#### REQUIREMENT:
Skipping the images, transcribe each record below as it is.

(Image-text web data)
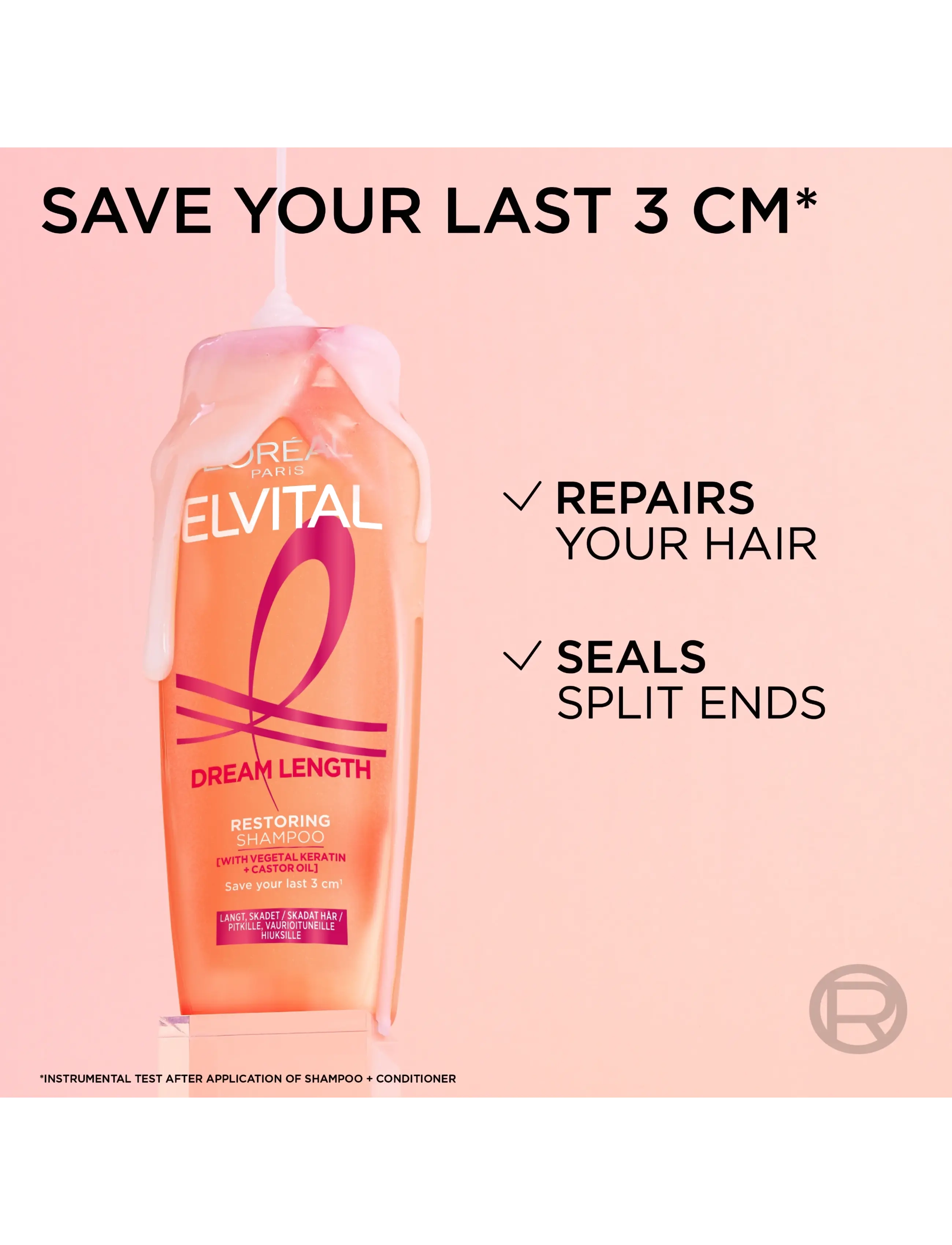 L'Oréal Paris - L'Oréal Paris Elvital Dream Length Shampoo for long hair 500 ml - shampoo - clear - 1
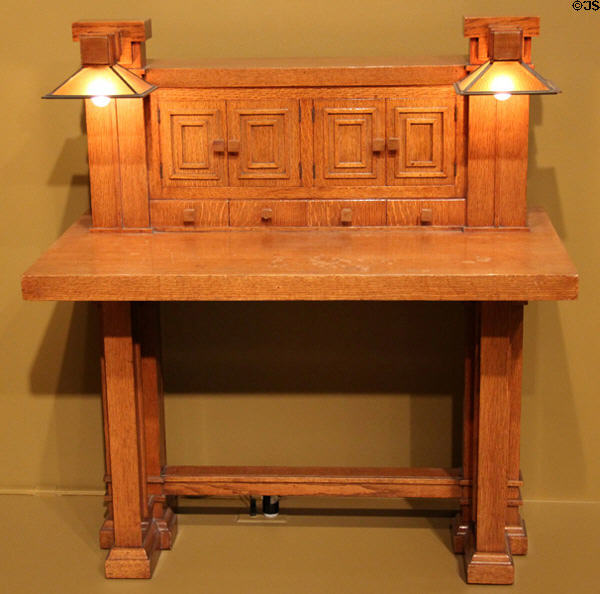 Desk (1908) by Frank Lloyd Wright at Art Institute of Chicago. Chicago, IL.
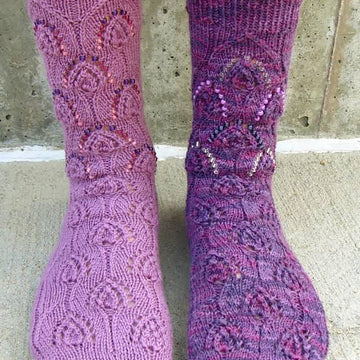 Beaded Peacock Socks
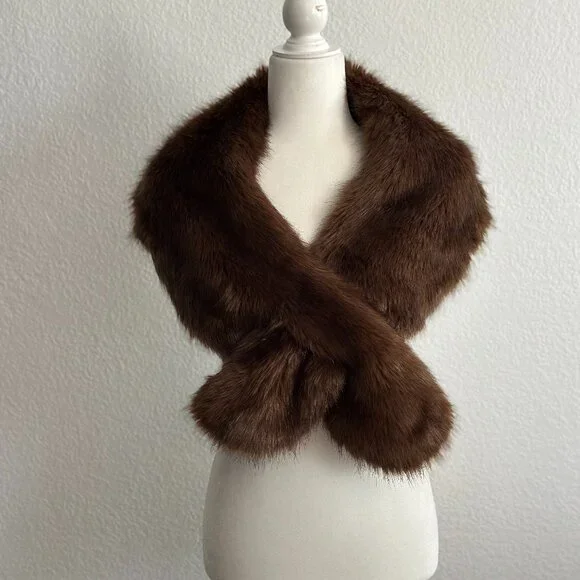ZARA Accessories Brown Faux Fur Shawl Wrap Scarf - Picture 2 of 8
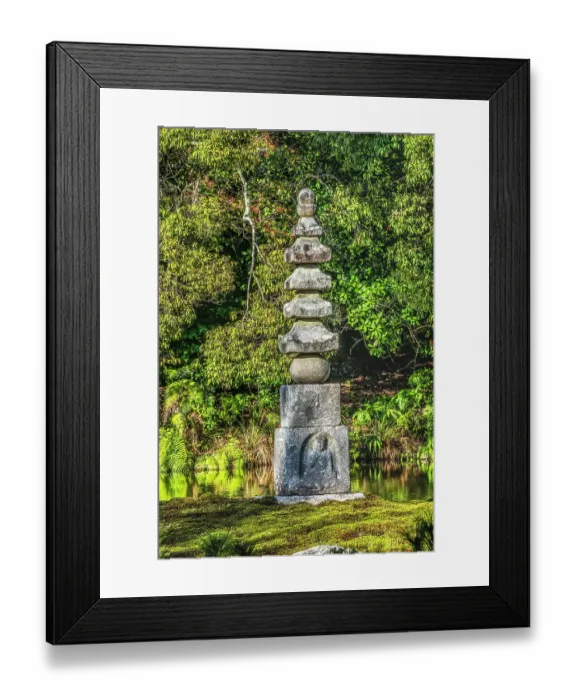 Framed Print : Stone Buddha pagoda, Kinkaku-Ji (Rokuon-Ji) golden pavilion, Kyoto, Japan. Dates to 1397 Framed Print : Stone Buddha pagoda, Kinkaku-Ji (Rokuon-Ji) golden pavilion, Kyoto, Japan. Dates to 1397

#### SOLUTION TO THE PROBLEM:
 L'Oréal Paris - L'Oréal Paris Elvital Dream Length Shampoo for long hair 500 ml - shampoo - clear - 1
 Desk (1908) by Frank Lloyd Wright at Art Institute of Chicago. Chicago, IL.
 Beaded Peacock Socks
ZARA Accessories Brown Faux Fur Shawl Wrap Scarf - Picture 2 of 8
 Framed Print : Stone Buddha pagoda, Kinkaku-Ji (Rokuon-Ji) golden pavilion, Kyoto, Japan. Dates to 1397 Framed Print : Stone Buddha pagoda, Kinkaku-Ji (Rokuon-Ji) golden pavilion, Kyoto, Japan. Dates to 1397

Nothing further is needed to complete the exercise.